=== PROBLEM REQUIREMENTS ===
Using the listing below, set down each line from the line containing "Bundle of 2" through the line containing "Alexey Lutsenko of", both ends included, exactly and with nothing added.

#### RECORDS SUPPLIED ####

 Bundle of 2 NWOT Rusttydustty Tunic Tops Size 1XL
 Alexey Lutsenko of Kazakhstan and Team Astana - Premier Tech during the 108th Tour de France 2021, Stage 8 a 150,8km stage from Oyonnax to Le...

####
#### RECORDS SUPPLIED ####

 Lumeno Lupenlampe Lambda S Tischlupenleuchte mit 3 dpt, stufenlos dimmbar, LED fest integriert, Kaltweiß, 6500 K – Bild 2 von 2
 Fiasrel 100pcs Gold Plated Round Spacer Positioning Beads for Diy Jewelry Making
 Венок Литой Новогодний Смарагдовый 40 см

####
#### RECORDS SUPPLIED ####

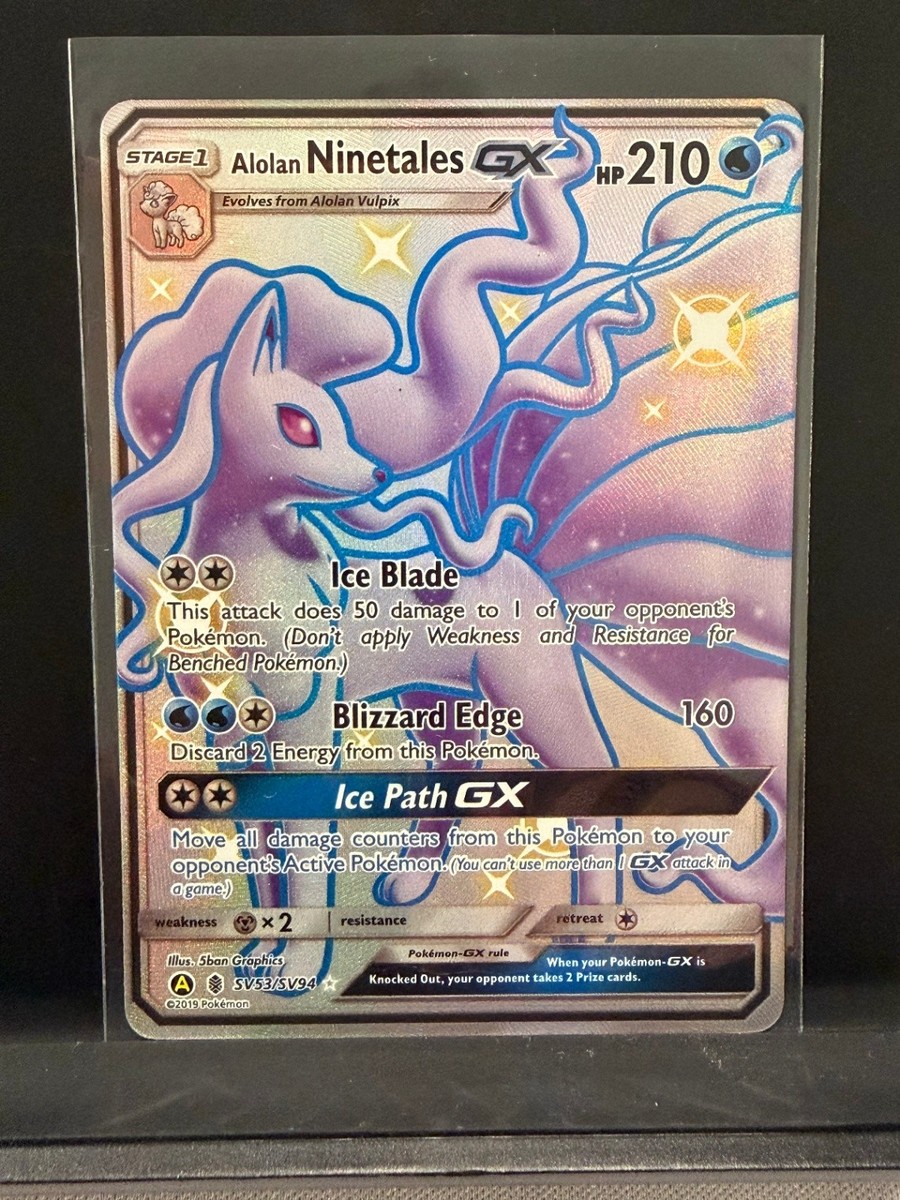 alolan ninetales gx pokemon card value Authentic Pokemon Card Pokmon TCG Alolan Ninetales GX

####

=== FINISHED TASK ===
 Bundle of 2 NWOT Rusttydustty Tunic Tops Size 1XL
 Alexey Lutsenko of Kazakhstan and Team Astana - Premier Tech during the 108th Tour de France 2021, Stage 8 a 150,8km stage from Oyonnax to Le...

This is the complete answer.